Kedua, bagi para penafsir hermeneutika watak dari teks apapun bersifat lentur tidak beku dan tertutup. Sehingga dengan demikian, satu teks dapat memiliki arti yang beragam tergantung kecenderungan dan pendapat penerimanaya.
Ketiga, setelah sebelumnya ditegasakan bahwa posisi pengarang tidak terlalu berarti penting dalam penafsiran daripada posisi pembaca sebab di tangan pembacalah teks menjadi terbuka dan multi tafsir.
Bahkan corak penafsiran klasik sangat tidak dapat diterima oleh mereka yang menggunakan perangkat hermeneutika sebagai alat penafsiran al-Quran. Sebab corak penafsir klasik menurut mereka terlalu mengkultuskan pengarang dari sebuah teks kitab suci hingga akan mengakibatkan sebuah teks tidak bisa berbicara apa-apa di hadapan problematika kekinian.
Paparan di atas berkisaran tentang teori takwil (hermeneutika) Barat di jalur historis dan pemikirannya. Juga menjadi semacam gerakan penting untuk menciptakan sebuah teori atau ilmu yang kemudian disebut takwil atau hermenuetika.

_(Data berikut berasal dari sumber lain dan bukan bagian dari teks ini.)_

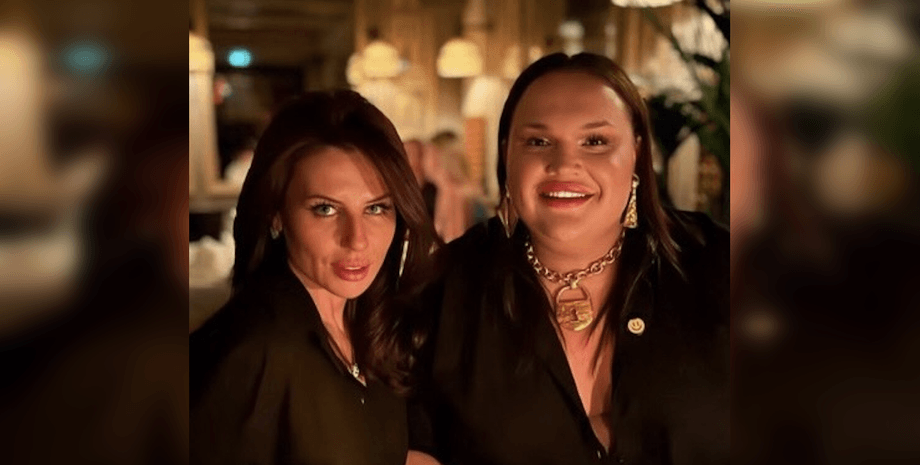 Скандал, конфлікт, блогери, блогерський конфлікт, блогерська сварка, українські блогери, блогери України, Анна Алхім, Алхім, Олена Мандзюк, Мандзюк, Алхім і Мандзюк, Мандзюк і Алхів, Ігор Синяк, Алхім і Синяк, новини України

Dapat dengan mudah kita baca, bahwa teori hermenuetika selain mengagungkan posisi pembaca juga meniadakan peran pengarang atau mematikannya. Teori ini sangat berdampak fatal jika diterapkan kepada al-Quran. Sebab akan menafikan sifat Allah (sumber teks Al-Quran) berupa Dzat yang Maha mengetahui segala sesuatu, yang zahir dan yang batin dan di masa sebelum itu teks diturunkan hingga pada suatu masa teks itu akan lenyap tak terisa.